Claims limits: This is the most your insurer will pay out per claim. For example, if your claims limit is £7,000, your insurance will pay up to this amount each time you claim. Check your documents to see how many times you can claim during your policy.
What is a car warranty?
Car warranty cover is a type of insurance policy that covers the cost of repairs to your car if parts fail or you break down. It is likely that a warranty would be automatically included when you first purchase your car, but these warranties may run for as short a time as a few months.
When you buy car warranty cover, you can choose a policy that lasts from a month to 5 years, but most run for 1 year with the option to renew when the policy ends.
A car warranty would not usually cover the cost of any repairs your vehicle needs due to accidental damage, loss or theft. These costs are instead usually covered by car insurance policies.
How much does a car warranty cost?
The cost of your warranty premiums depend on your insurance provider, so make sure to compare quotes to find the best deal.
Most car warranty providers offer three levels of cover. You will generally find basic policies are cheaper and premium cover costs more.
Along with your mileage, the cost of your warranty insurance is also based on:
The age of your car
The make and model
Your car’s value
Whether you use your car socially or for business
A cheaper warranty will usually provide less cover, so you may need to think about spending more to get the protection you need.
It is still important to check that the cost of a warranty is not more expensive than paying the cost of any repairs yourself.
What is covered?
You car warranty policy will usually cover repairs to the:
Fuel and ignition system
Air conditioning or cooling system
Non-frictional clutch and brakes
It is important to check your documents for exclusions as they will likely restrict what you can claim for. For example, some insurers cover general electric faults but not in-car stereo systems.

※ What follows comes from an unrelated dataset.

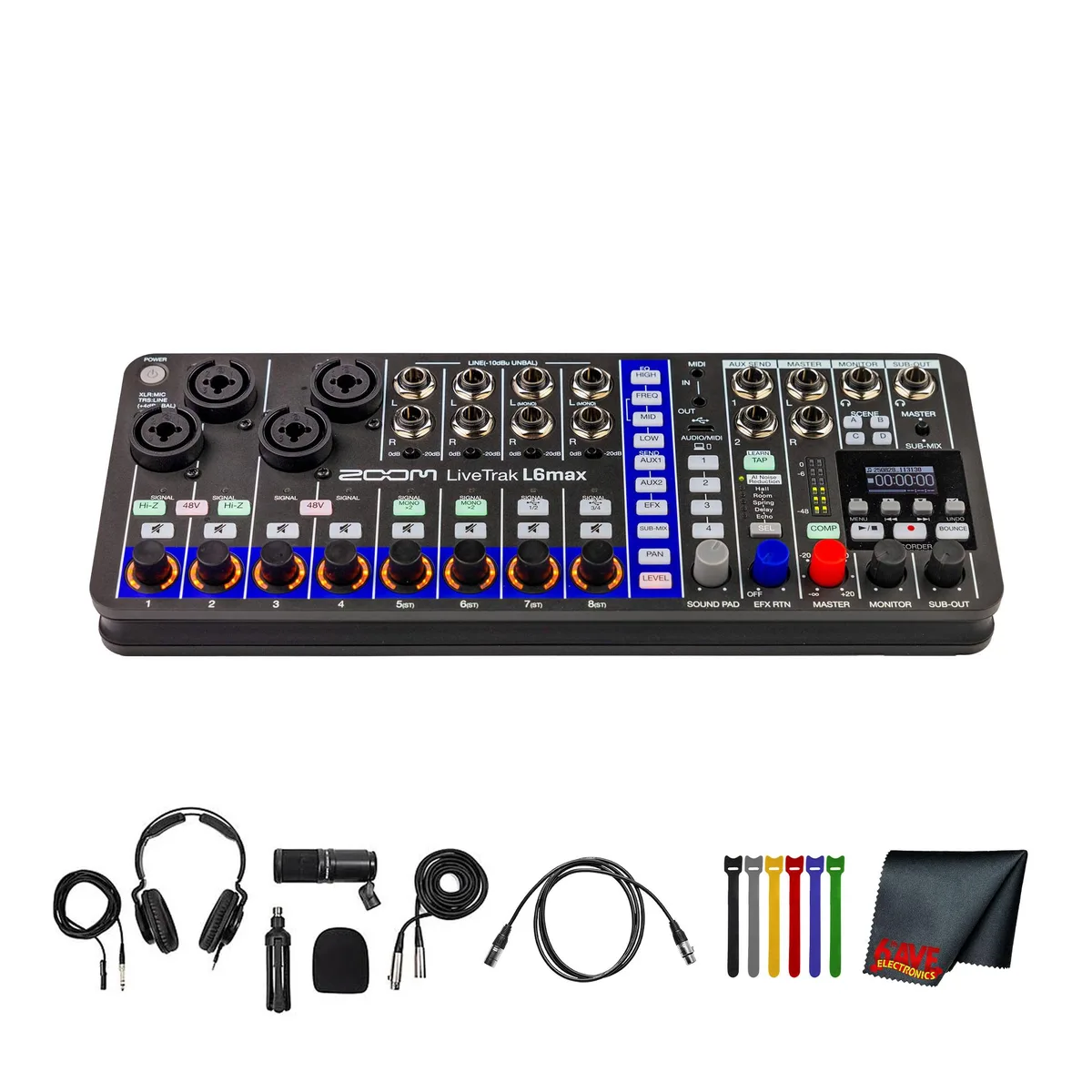 Zoom Zoom LiveTrak L6max 12-Channel Mixer & Recorder Bundle With Podcast Mic — product photo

As well as cover for repairs, it may also include:
Vehicle breakdown recovery
Car hire, while yours is being fixed
Hotel expenses, for overnight stays if an insured part breaks down
Emergency travel expenses, e.g. taxis, trains or buses
Driving your car abroad
Your cover levels vary widely depending on the policy you choose, so check the insurer's summary of cover and the policy documentation before you buy.
What is excluded?
Exclusions will vary from provider to provider, but some of the scenarios which are commonly not covered a car warranty are:
General wear and tear (you may be able to include this as an optional add-on)
Batteries, wheels, tyres, exhausts, catalytic converters, worn-out clutches and brakes
Damage caused by oil leaks
Cars used for competitions, commercial deliveries or as taxis
Improvements to parts that are not broken
Damage caused by frost, worn friction materials, blockages, contamination or sludge
Poor workmanship or faulty components
Check your policy documents when you compare warranty insurance quotes, as the full list of exclusions will vary depending on the insurance provider.
What is consequential loss?
Consequential loss is a term used by warranty providers to mean any damage to an insured part that is caused by an uninsured part breaking.
For example, your exhaust (insured) gets damaged because your catalytic converter breaks (not insured).
Some car insurance warranties will not cover consequential loss, so check your policy documents carefully to be sure.
Are you already covered?
You may not need separate cover if you already have a manufacturer's warranty in place.
All new cars come with a manufacturer's warranty, usually lasting between 3 and 7 years.
If you bought your car from a second hand car dealership, it may come with a 12 month warranty. Some used cars will still be within their manufacturer's warranty, which could last up to 7 years.
Check your purchase documents to see if your car is still under its manufacturer's warranty before you buy additional warranty insurance.
Do you need a warranty insurance policy?
This depends on whether you can afford any unexpected costs of needing to have your repaired yourself.
You may find the price of a warranty policy exceeds the cost of paying for repairs out of your pocket, in which case you should avoid paying the unnecessary price of insurance.
However, warranty insurance could save you a significant amount of money if your car needs expensive repairs.
Unlike car insurance, a car warranty is not a legal requirement. But it could help you cover the costs of repairing or replacing broken parts.
However, due to the number of conditions and exclusions on car warranties, you may end up paying a lot for cover that does not pay out when you need it to.